Он протянул ладошку, и Мануэль высыпал на неё свои монетки.
Мальчик молча внимательно рассмотрел их одну за другой.
— А тут много? — спросил он наконец.
— Шесть реалов, не меньше, — ответил Мануэль.
Марселино вернул монетки хозяину и предложил:
— Хочешь, покажу, что у меня есть?
— Давай, — согласился Мануэль.
— Пойдём. Братьев почти никого нет дома. Он повёл его вдоль стены, туда, где её густо заплёл виноград, поднял там пару камней — и достал свои «сокровища»: куриную лапку, горстку пустых гильз от старых патронов, игральную карту (тройку пик) и несколько ловушек.
Мануэль презрительно посматривал на всё это, хотя одна вещица, новенькая жестяная коробочка, явно ему понравилась. Потом он сунул руку в карман и сказал:
— А у меня ещё вот что есть!
— А зачем такая штука? — восхищённо спросил Марселино.
— Чтоб камни далеко летели. Смотри, — показал Мануэль.
Он нагнулся и поднял с земли камушек, зарядил им рогатку и натянул резинку, целясь в высунувшегося откуда-то кота.
— Эй, его не тронь! — закричал Марселино, рукой отводя рогатку. — Это же мой!
— Ну и урод, — глядя на Мура, сказал Мануэль.
Марселино поднял уже руку, чтобы ударить его, хотя Мануэль был выше ростом и, кажется, старше, но тут же передумал, вспомнив, как сильно его любит. Мануэль не шевельнулся, прицелился теперь в дерево — и попал.
— Видишь? — гордо заявил он.
— Давай я тебе за рогатку отдам коробочку, — предложил Марселино.
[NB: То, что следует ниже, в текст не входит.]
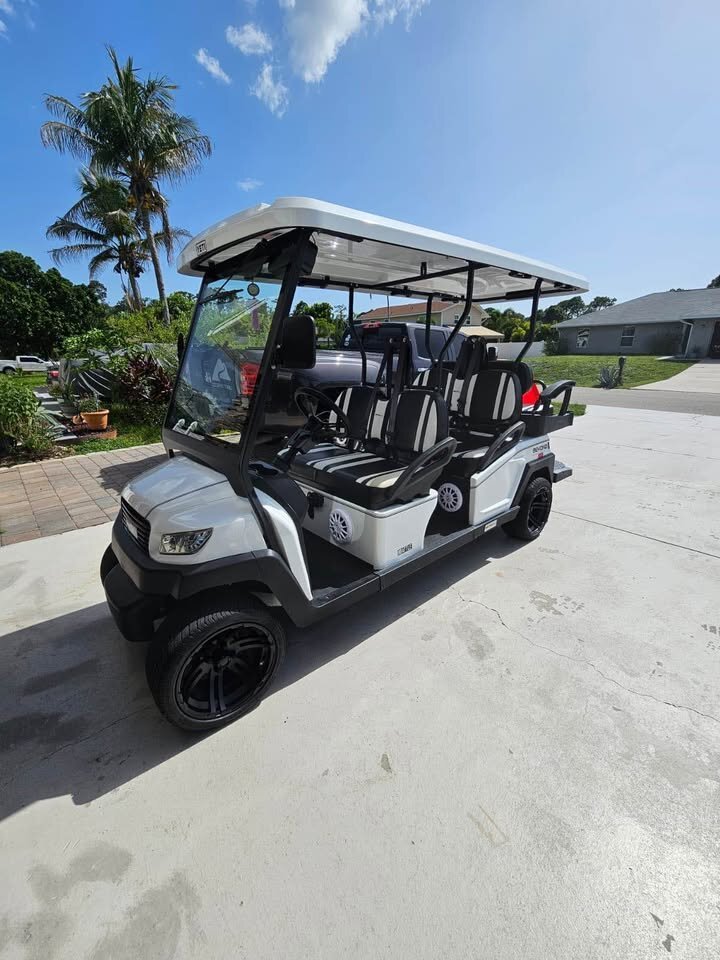 Bintelli Beyond 6 Seater Golf Cart - Image 8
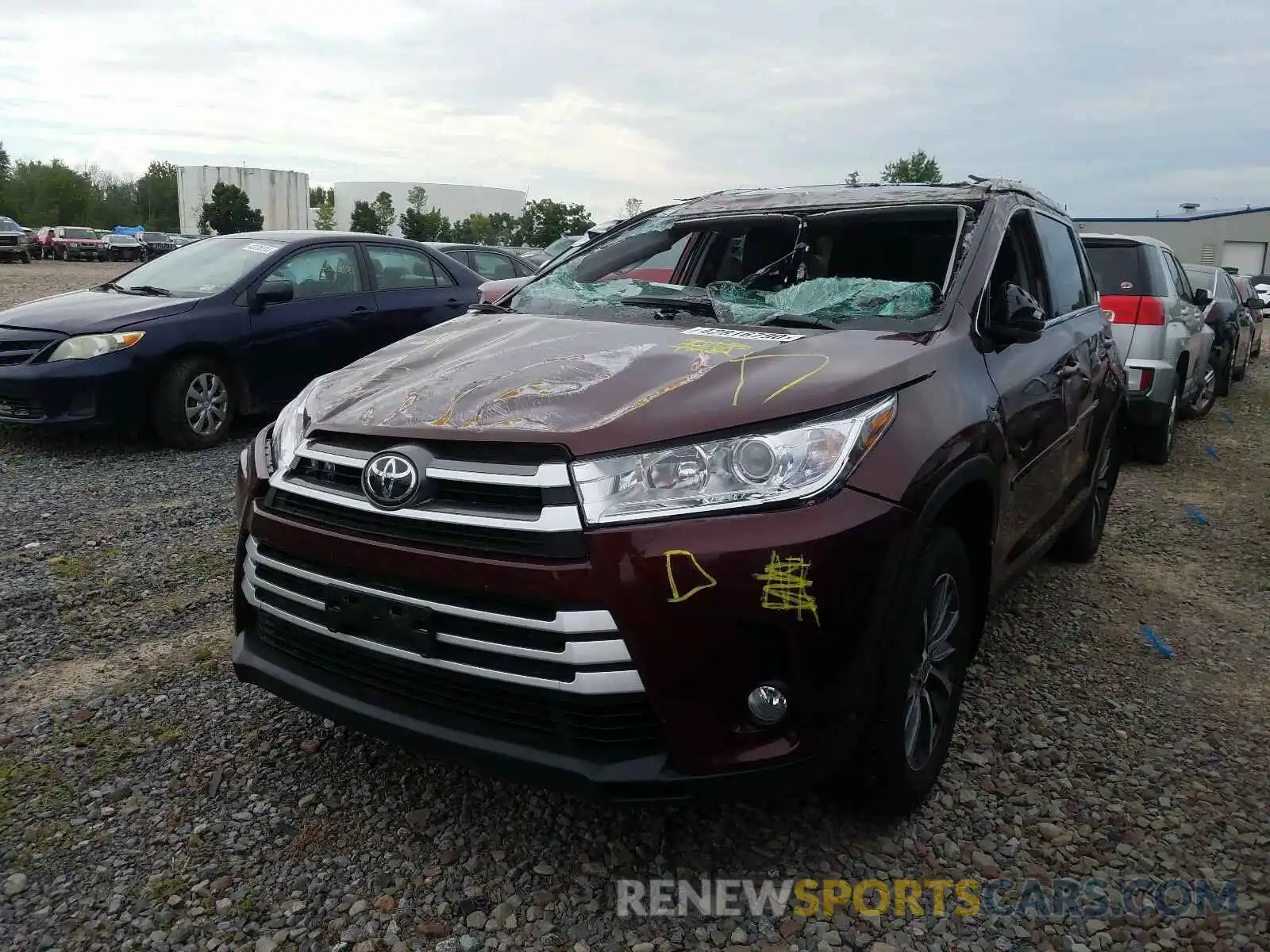 2 Photograph of a damaged car 5TDJZRFH3KS745806 TOYOTA HIGHLANDER 2019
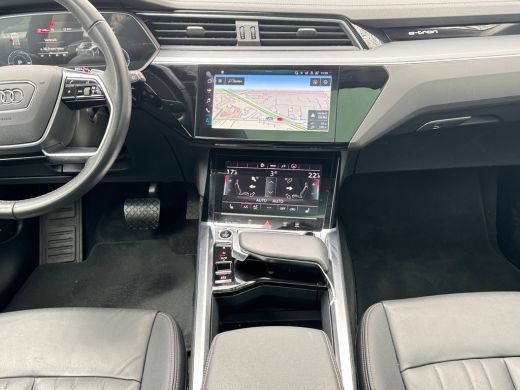 Audi Q8 e-tron 55 408pk quattro Advanced Edition Plus 115 kWh Parkeersensoren voor en achter | Lederen bekleding... ActivLease financial lease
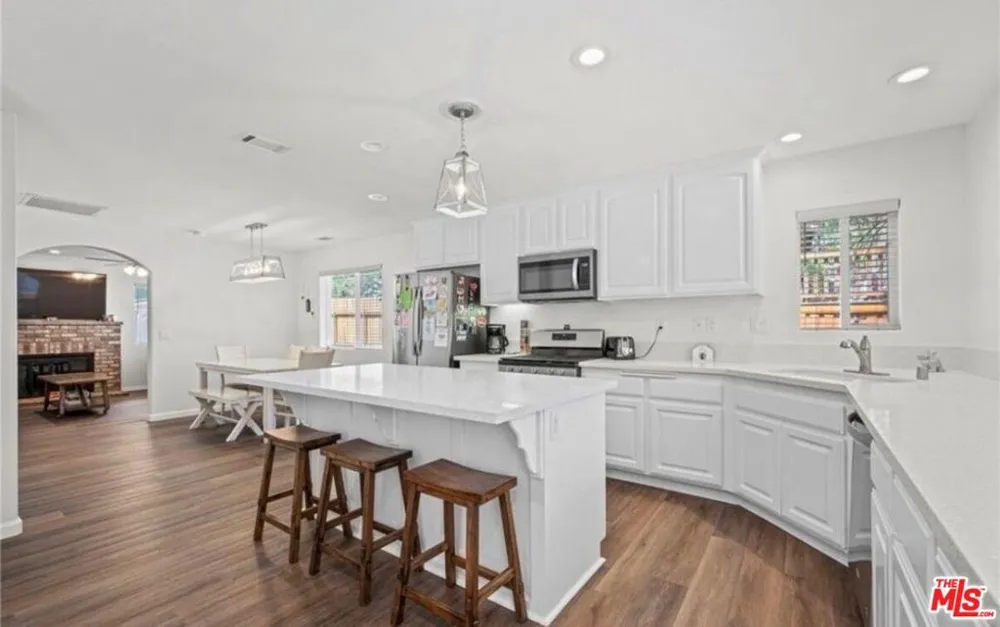 1713 Twin Lakes Road Wrightwood, CA 92397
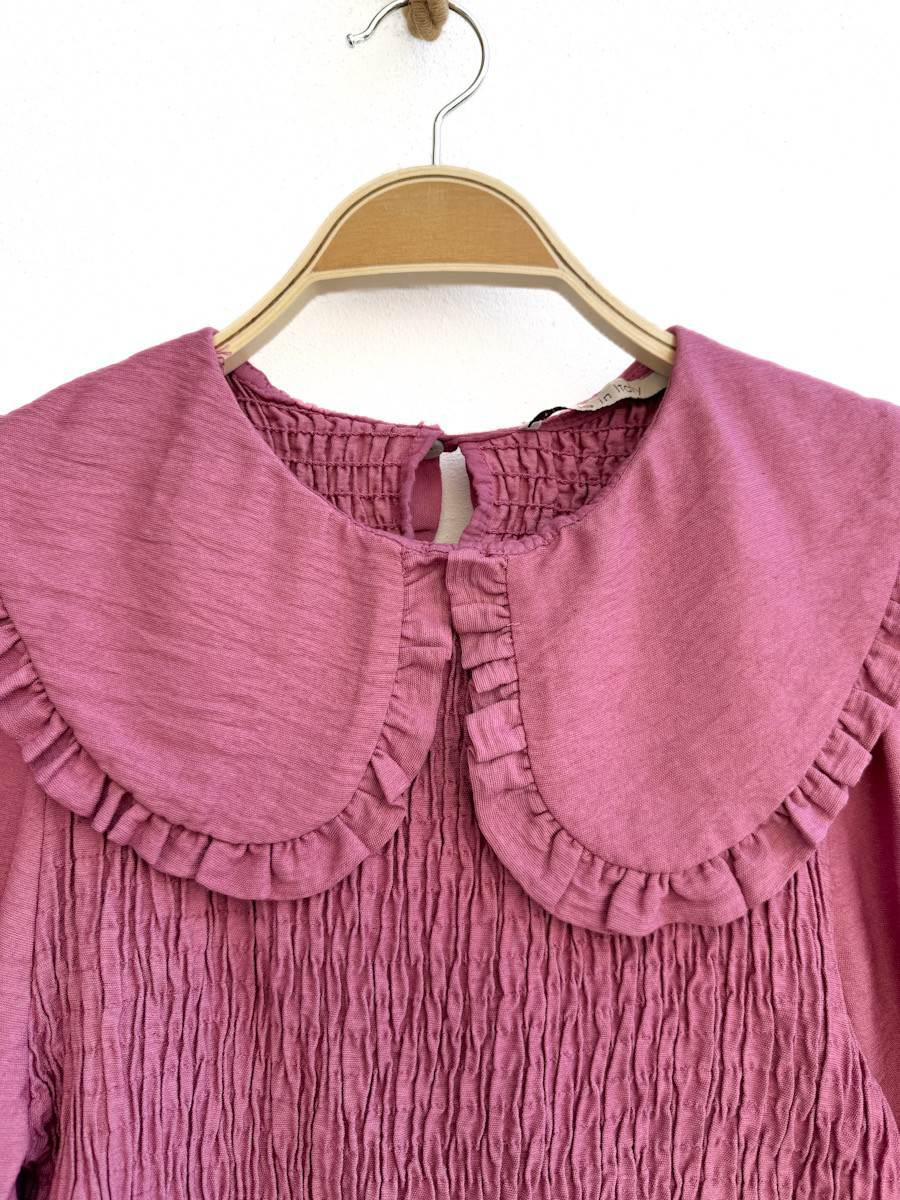 Blusa Vintage con Volantes y Cuello Babero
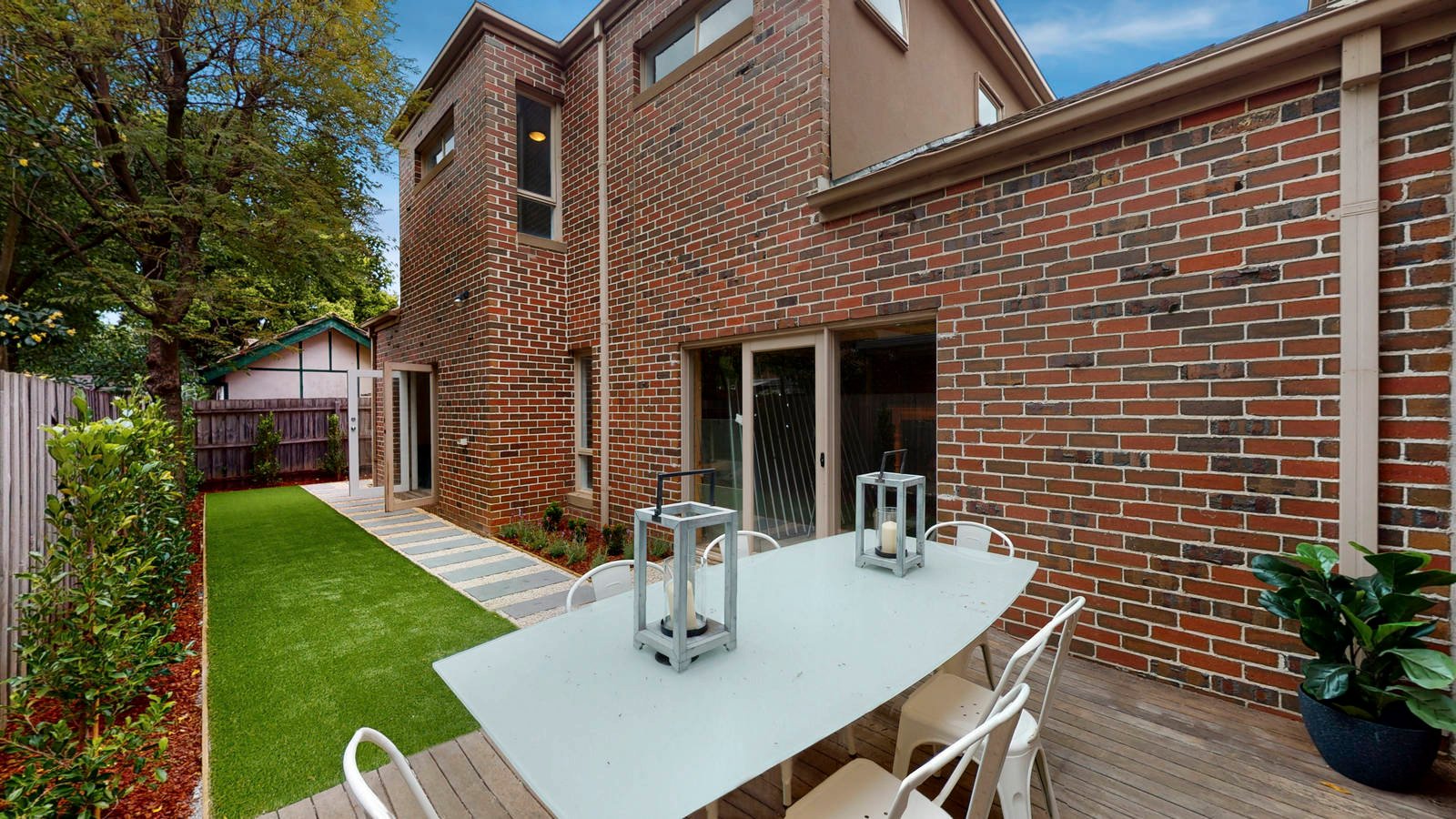 Property Gallery Thumbnail 9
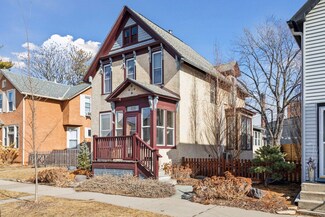 424 Daly St, Saint Paul, MN 55102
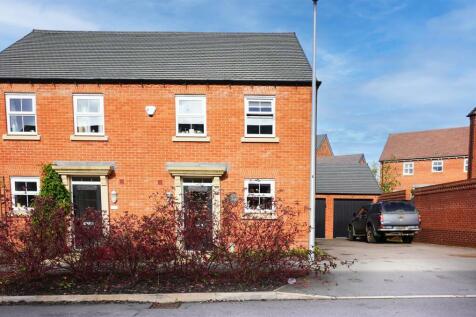 3 bedroom semi-detached house for sale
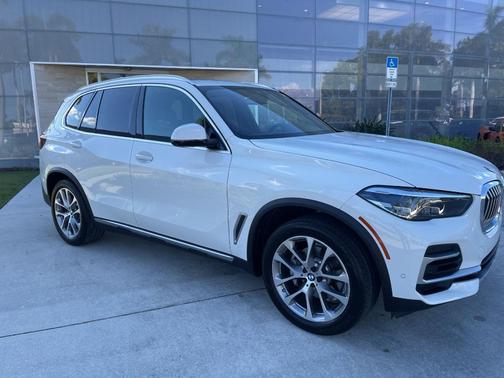 2023 BMW X5 sDrive40i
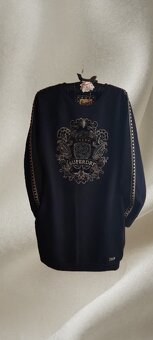 Superdry zdobené teplákové šaty s kapsami - 4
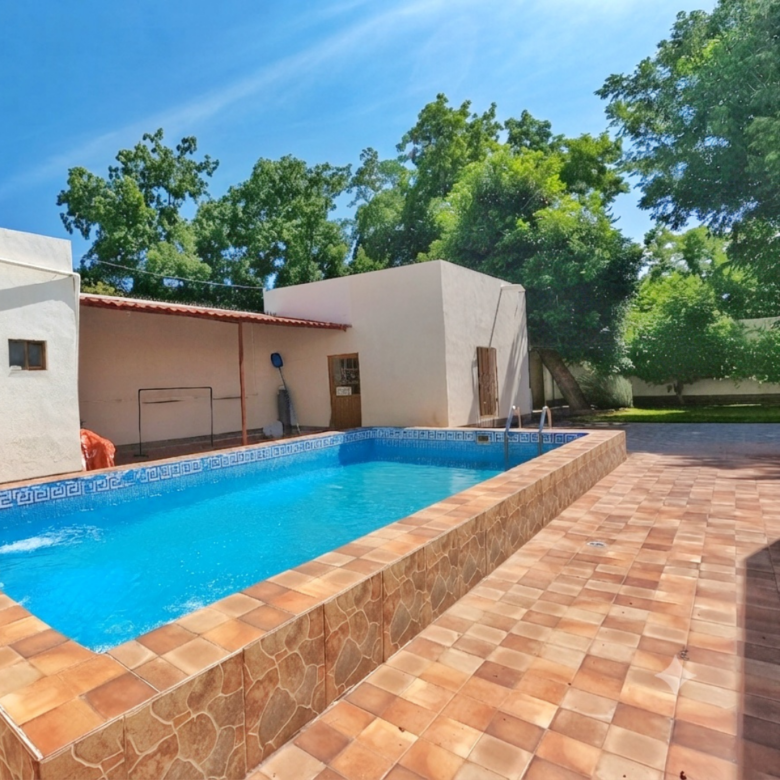 🏡 ¡Casa con alberca en venta Parras Coah.! 🏡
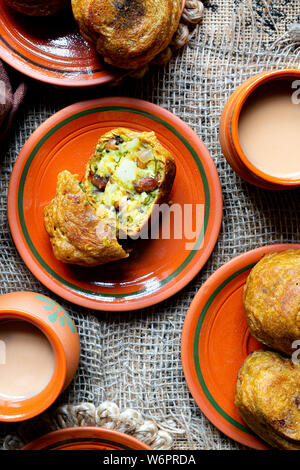 Indian street food - beignets de pommes de terre - Sans gluten / Vegan Banque D'Images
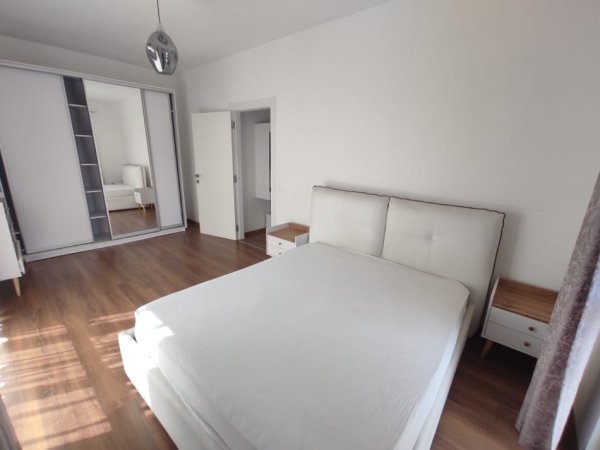 Apartament Me Qera 1+1 Tek Farmacia 10 (ID B210625) Tirane.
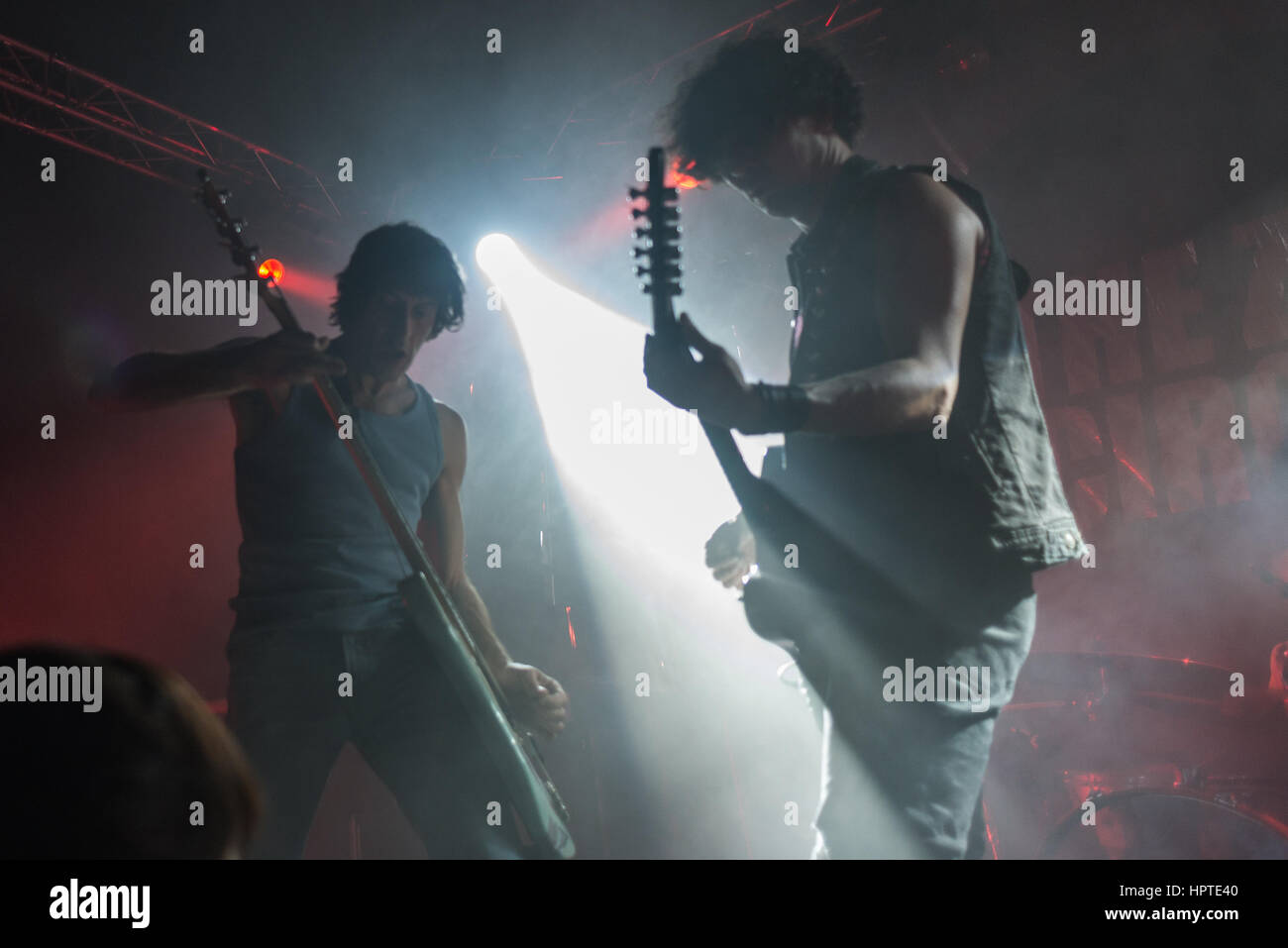 Bergame, Italie. Feb 24, 2017. La performance de cirque Zen à Druso music live club. Credit : Brambilla Simone Photography/Alamy Live News Banque D'Images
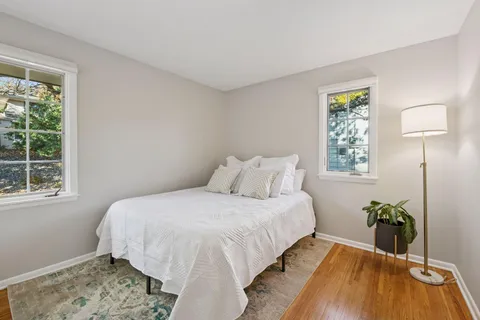 $575,000 | 5100 West 70th Street, Edina, MN 55439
— Нет, — отказался Мануэль. Марселино вздохнул, снова прикрыл свои сокровища камнями и сказал:
— Пойдём, я тебе ещё кое-что покажу.
И тут из окна послышался голос брата Кашки:
— Ты с кем это там?
— Ни с кем, — соврал Марселино, быстро толкнув Мануэля в заросли винограда.
— Погоди, а говорил ты с кем?
— Я так играю, — ответил мальчик.
Осторожно ступая, оба ушли от опасного места. Марселино повёл Мануэля к пролому в стене, и через него мальчики выбрались наружу.
Они пошли вокруг монастыря, и по дороге Марселино хотел было взять Мануэля за руку, но не решился. Тот ничего не заметил. Птицы громко пели. Мальчики оказались по другую сторону монастырского здания — и там, под навесом крыши, увидели гнездо.
— Видишь? — сказал Марселино. — Тут в прошлом году воробьи жили, а теперь прилетели эти, и хотят гнездо себе забрать.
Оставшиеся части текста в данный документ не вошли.